MSU Drone Research, Millsaps Renovations and UMMC/MSU Child Health Project | Jackson Free Press | Jackson, MS

MSU Drone Research, Millsaps Renovations and UMMC/MSU Child Health Project

This week, the Department of Homeland Security began operations with Mississippi State University and other locations throughout Mississippi as a research and development test site for drones, or unmanned small aircraft. Photo courtesy Flickr/Andrew Turner

This week, the Department of Homeland Security began operations with Mississippi State University and other locations throughout Mississippi as a research and development test site for drones, or unmanned small aircraft. Photo courtesy Flickr/Andrew Turner

This week, the Department of Homeland Security began operations with Mississippi State University and other locations throughout Mississippi as a research and development test site for drones, or unmanned small aircraft.

The DHS Science and Technology Small Unmanned Aircraft Systems Demonstration Range Facility covers 2,000 square miles of restricted airspace at altitudes up to 60,000 feet. MSU will work with DHS on drone flight and exercise support for scenarios such as disaster relief from floods, fires and earthquakes, highway and rail accidents, border protection and containment of hazardous-material spills.

Other DHS research sites include the Mississippi National Guard's Camp Shelby Joint Forces Training Center, the Mississippi Air National Guard's Gulfport Combat Readiness Training Center, NASA's John C. Stennis Space Center, the Jackson County Port Authority, and the Hancock County Port and Harbor Commission.

Mississippi State University heads the Federal Aviation Administration's Alliance for System Safety of UAS through Research Excellence, which is a group of 23 universities that coordinate research and development on unmanned aircraft systems, and operates an incubator for drone-centered businesses on its Starkville campus.

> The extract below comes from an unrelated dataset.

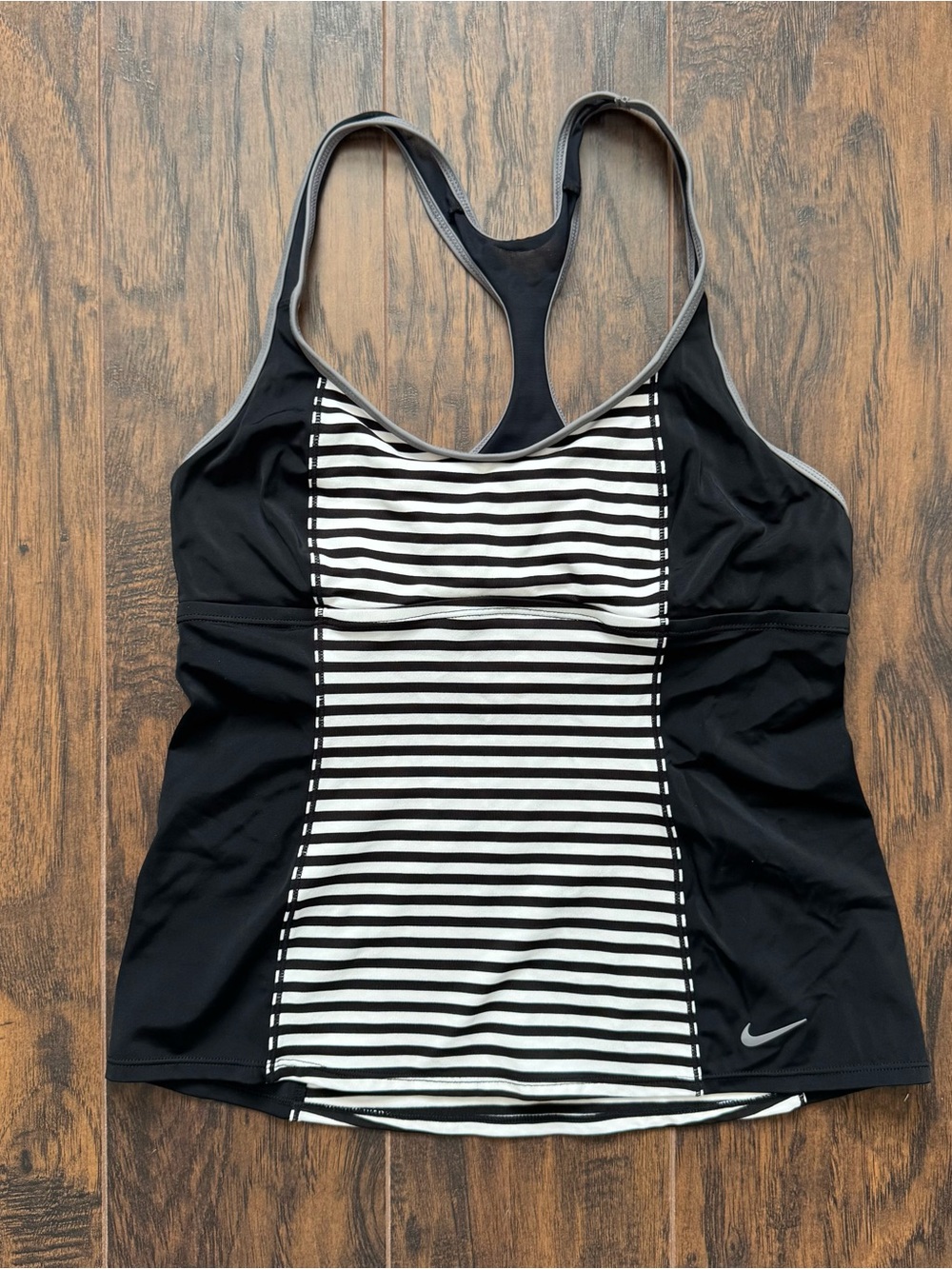 Nike Large Black and White Striped Racerback Tankini Swim Top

Millsaps Renovating Christian Center

Millsaps College recently hired architectural firm Dale Partners to renovate the interior of the campus' historic Christian Center, which was constructed in 1950. The college hosted a ceremony at the center to formally launch the $14-million renovation project on Friday, Sept. 22.

The renovations will include a new lecture hall, high-tech classrooms, faculty offices, suites and seminar rooms, as well as an interdenominational cruciform chapel. The construction will also restore the building's front facade and install a new clock tower with the same look of the original.

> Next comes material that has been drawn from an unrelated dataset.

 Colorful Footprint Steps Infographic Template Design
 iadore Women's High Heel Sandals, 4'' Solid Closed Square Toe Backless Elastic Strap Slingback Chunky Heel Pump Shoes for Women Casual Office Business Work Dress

Dale Partners has previously restored Lee Hall and Cooley Hall at Mississippi State University, Hardy Hall and College Hall at the University of Southern Mississippi, and Bondurant Hall at the University of Mississippi.

UMMC and MSU Launch Child Health and Development Project

University of Mississippi Medical Center's Center for Advancement of Youth and Mississippi State University's Social Science Research Center have partnered on a new initiative called the Child Health and Development Project.

The project's goal is to increase health and development outcomes for children less than 6 years old. The U.S. Health Resources and Services Administration will fund the project over the next three years through a $10.5-million grant. Funding for the first year of the project will be $3.5 million.

CHDP will provide health screenings at doctors' offices and child-care centers and more, as well as train physicians and child-care workers in the best practices for evaluating and treating children with unmet development needs, and increase the number of medical providers and allied-health professionals who specialize is childhood development. Dr. Robert Annett, UMMC's professor of pediatrics, is the project's research director.

A press release from UMMC says that less than a fifth of Mississippi children ages 6 and younger receive screenings for developmental and behavioral disorders, and that early childhood experiences can have long-term health consequences, such as mental-health problems, obesity and cardiovascular disease, and can shape a child's educational, social, physical and even economic well-being.